- [Work request]: Print only the lines from the one with "treino do dia" through the end of the data, exactly, and please omit pictures.

- [Source material]:
═══
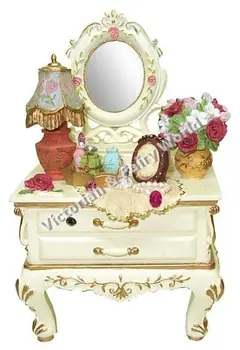 miniature dressing table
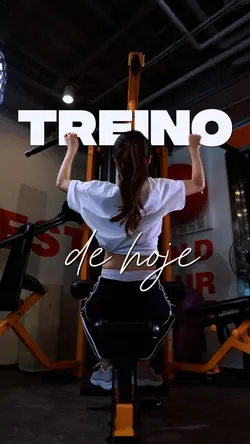 treino do dia 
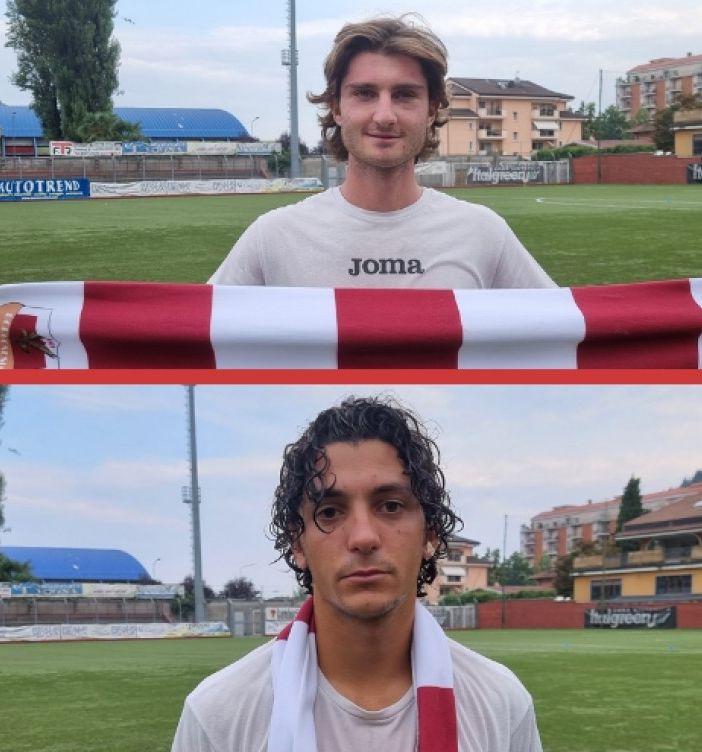Manuel Bernardi e Francesco Rancati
═══
- [Final answer]:
 treino do dia 
Manuel Bernardi e Francesco Rancati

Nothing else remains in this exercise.